Carlsen: I have no idea. I wouldn’t want to know it anyway. It might turn out to be a nasty surprise.
Question: Why? You are 19 years old and ranked the number one chess player in the world. You must be incredibly clever.
Carlsen: And that’s precisely what would be terrible. Of course it is important for a chess player to be able to concentrate well, but being too intelligent can also be a burden. It can get in your way. I am convinced that the reason the Englishman John Nunn never became world champion is that he is too clever for that.
Question: How that?
Carlsen: At the age of 15, Nunn started studying mathematics in Oxford; he was the youngest student in the last 500 years, and at 23 he did a PhD in algebraic topology. He has so incredibly much in his head. Simply too much. His enormous powers of understanding and his constant thirst for knowledge distracted him from chess.
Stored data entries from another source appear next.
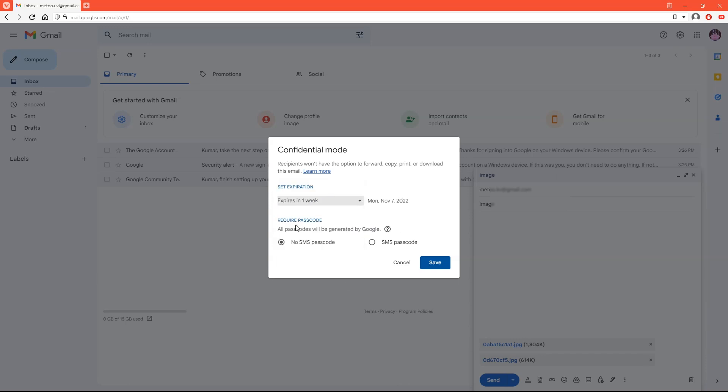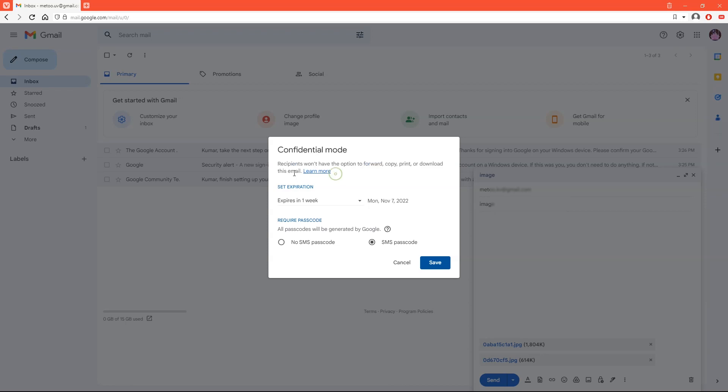You can also set passcode requirement. Important thing is that recipient won't have an option to forward, copy, print, or download this mail.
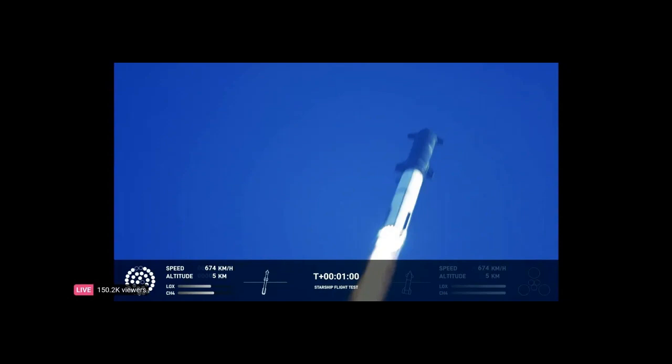If you recall from the early days of SpaceX, there were many rocket failures and explosions before it got to the point that there were reliable, rapid, and reusable rockets.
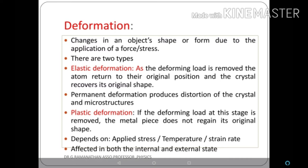Deformation means when a force or stress acts on a material, the object changes shape. There are two types. Elastic deformation: the body changes shape under force, but returns to its original position after the force is removed. Plastic deformation: after removing the deforming force, the material does not regain its original shape. Plastic deformation depends upon applied stress, temperature, and strain rate, and is affected by both internal and external state.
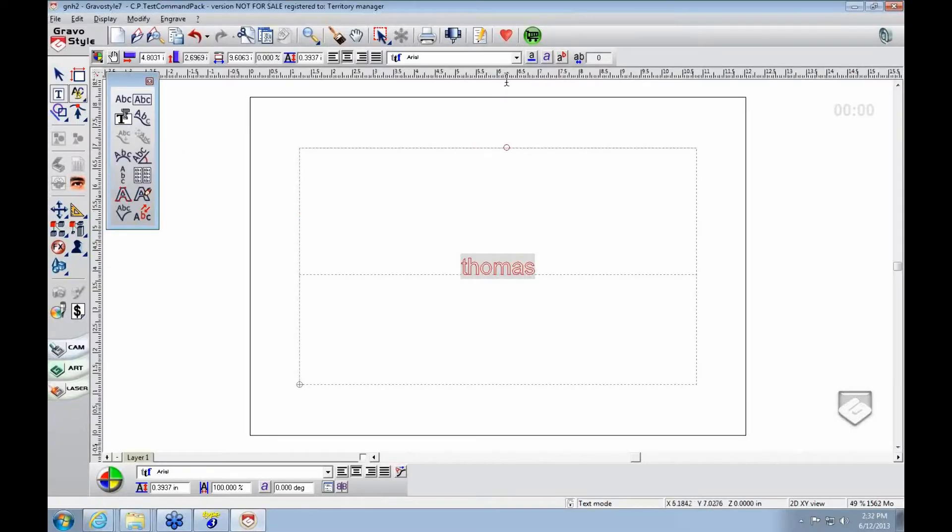In this instance right here we've got a regular TrueType font. I just typed my name in here, Thomas.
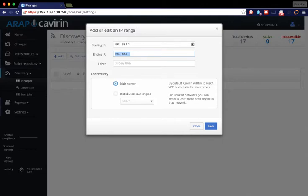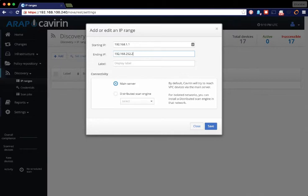If you do want to scan an entire subnet, you can do all the way up to a full class B subnet, give it a label, and then click Save.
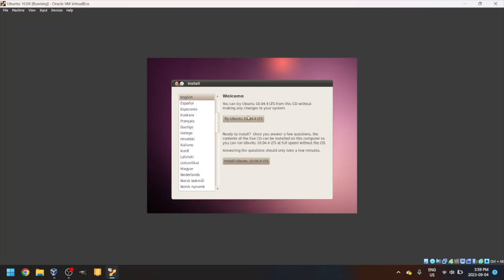Once you see the screen, click Install Ubuntu 10.04 LTS.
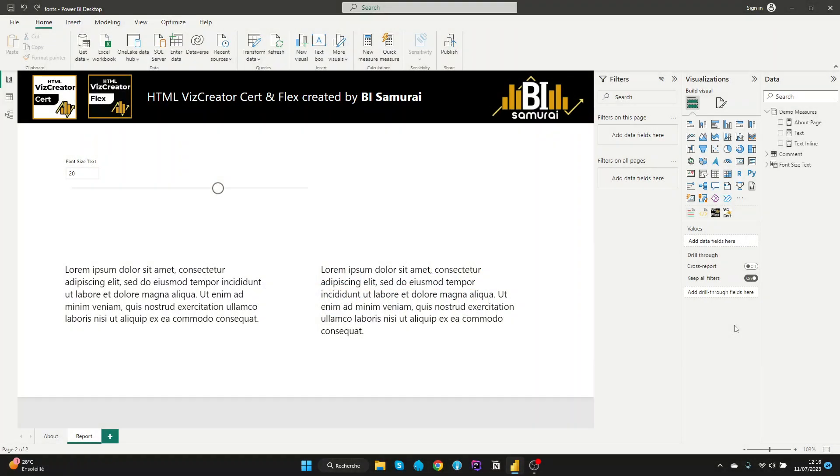Using the HTMLVisCreator results, we will see how to change font size dynamically in Power BI. In this video, we will explore two methods to achieve this.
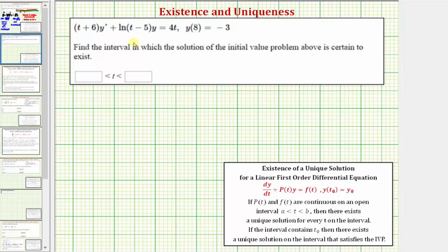Here we're given a linear first order differential equation with the initial condition y of eight equals negative three. We're asked to find the interval in which the solution of the initial value problem above is certain to exist.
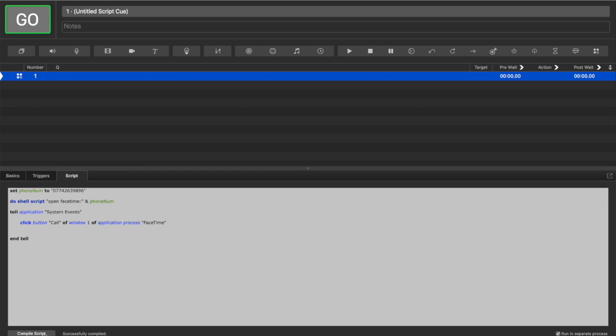So now our script opens FaceTime, gives it our phone number, and then clicks the call button. The problem is, it doesn't wait until it can see a call button before it clicks it.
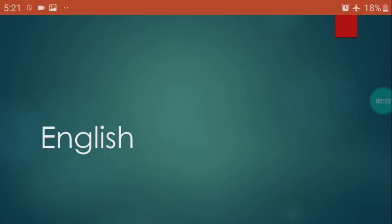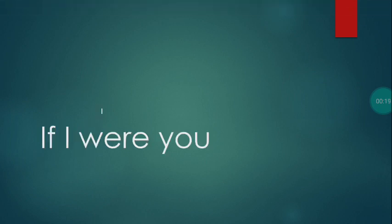Good morning children, hearty welcome to all of you for today's session. Come, let's learn English. Today in this session I will be discussing a new lesson from our Beehive textbook. Our last lesson, lesson number 11, 'If I Were You.'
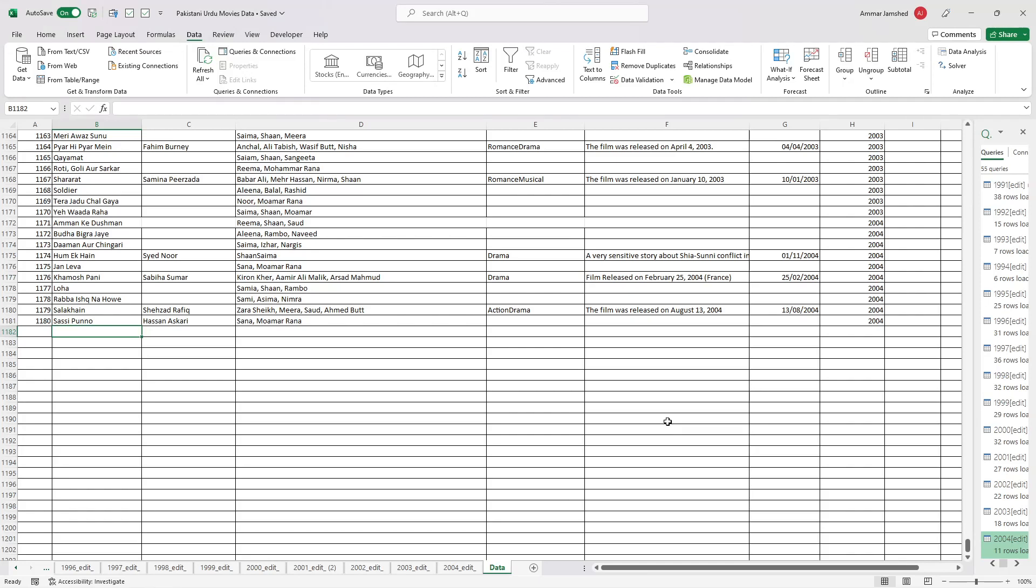Hello guys, hope you're all doing well. I'm going to be teaching you how to web call using Excel and how you can fetch website data onto your Excel.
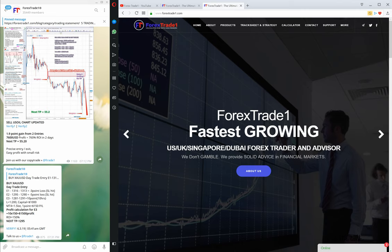Hello guys, welcome once again to another video session of Forex Trade One. In the previous session we already learned about level trading and trend trading. Now this particular video will help you understand our live streaming and live strategy. So without any further ado, let us start — how to verify our performance, our day trades.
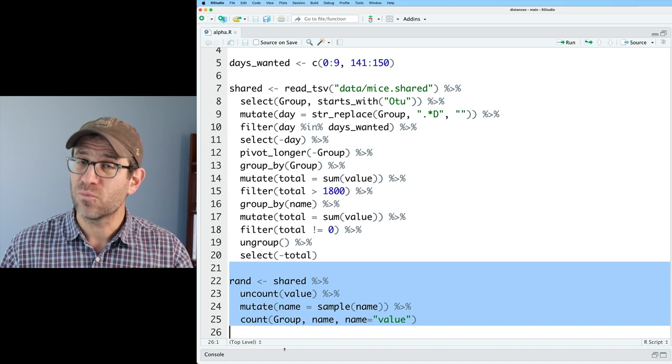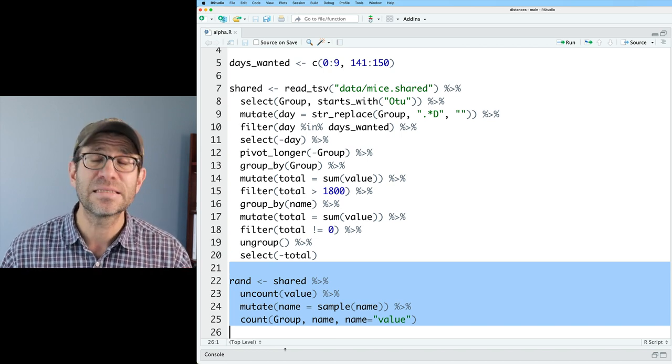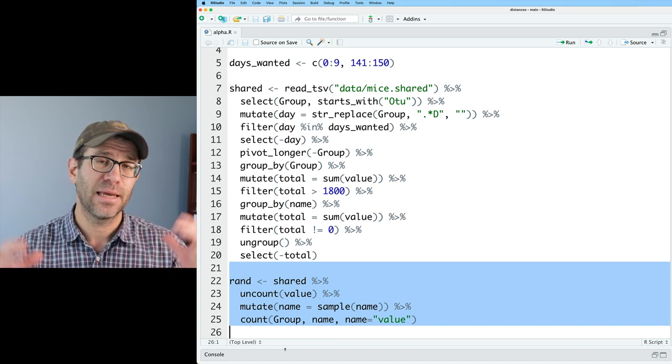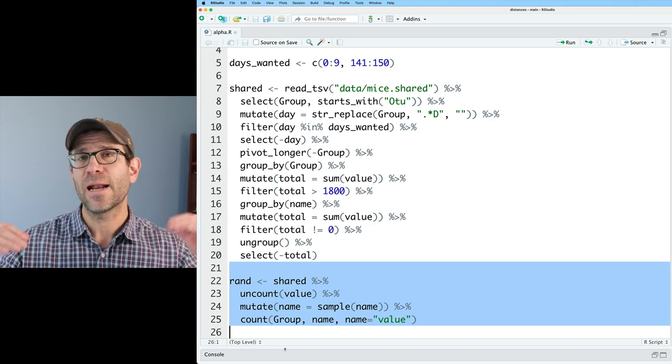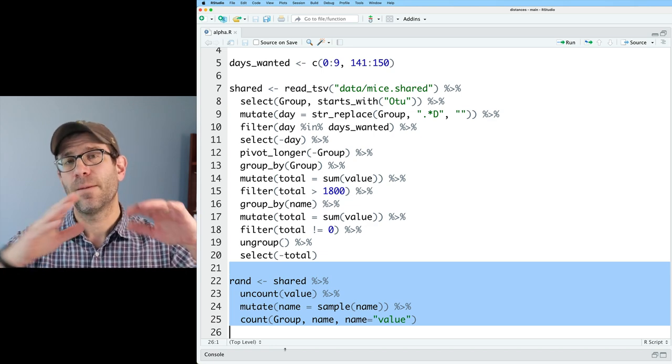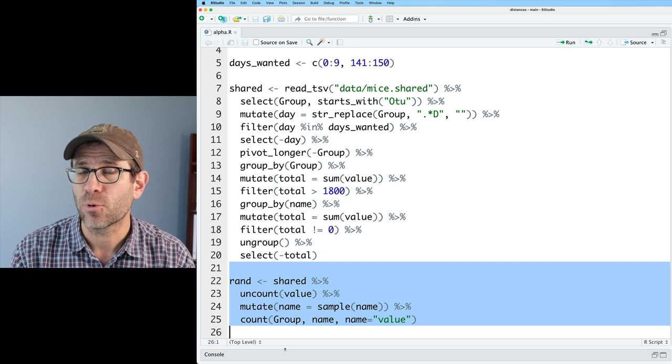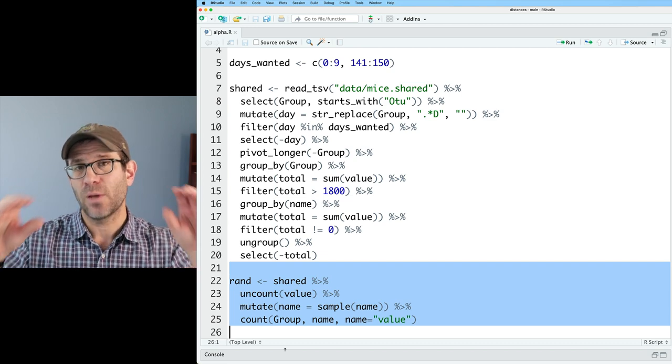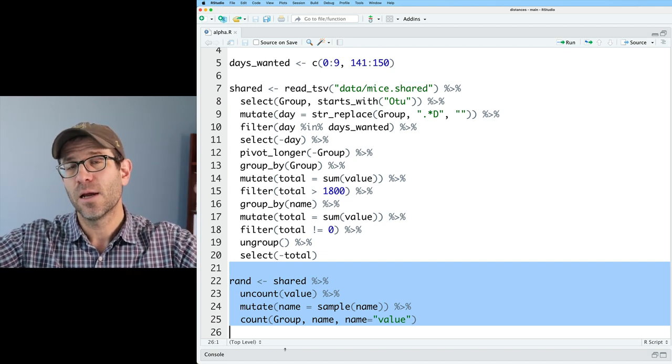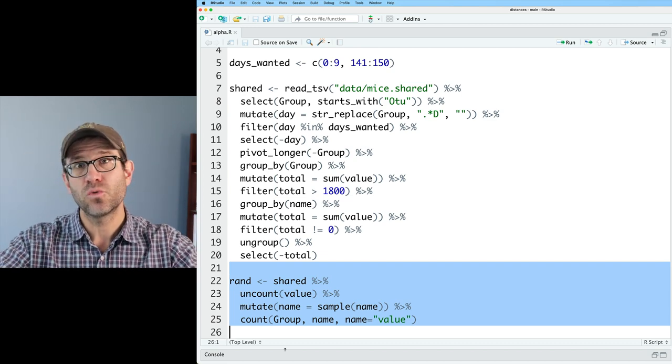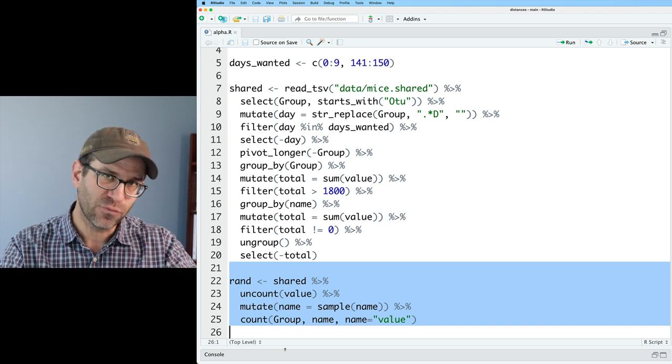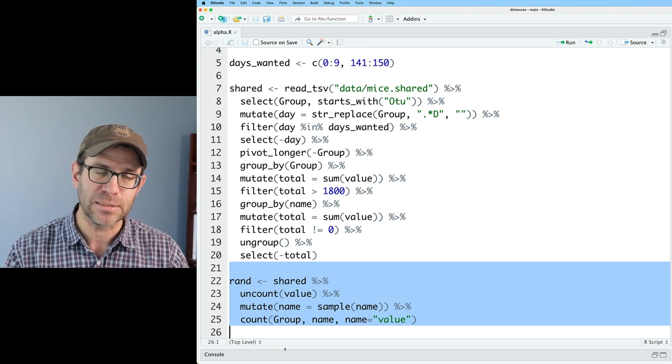I then have code to generate a RAND data frame. What RAND is, is that this was created by taking all of the data from shared, and I pool all the counts, but keeping each taxa separate so that we have effectively a meta community that we then sample from to regenerate the distributions for the 225 samples in this study.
Question: Things are different in your case?
Carlsen: Right. I am a totally normal guy. My father is considerably more intelligent than I am.
Question: Aha. How many moves can you calculate ahead?
Carlsen: That depends on the game situation. Sometimes 15 to 20. But the trick is to correctly assess the position at the end of the calculation.
Question: You became a grandmaster at the age of 13 years, four months and 27 days; and there has never been a younger number one than you before. What is that due to, if not to your intelligence?
Carlsen: I’m not saying that I am totally stupid. But my success mainly has to do with the fact that I had the opportunity to learn more, more quickly. It has become easier to get hold of information. The players from the Soviet Union used to be at a huge advantage; in Moscow they had access to vast archives, with countless games carefully recorded on index cards. Nowadays anyone can buy this data on DVD for 150 euros; one disk holds 4.5 million games. There are also more books than there used to be. And then of course I started working with a computer earlier than Vladimir Kramnik or Viswanathan Anand.
Question: When exactly?
Carlsen: I was eleven or twelve. I used the computer to prepare for tournaments, and I played on the Internet. Nowadays, children start using a computer at an even earlier age; they are already learning the rules on screen. In that sense I am already old-fashioned. Technological progress leads to younger and younger top players, everywhere in the world.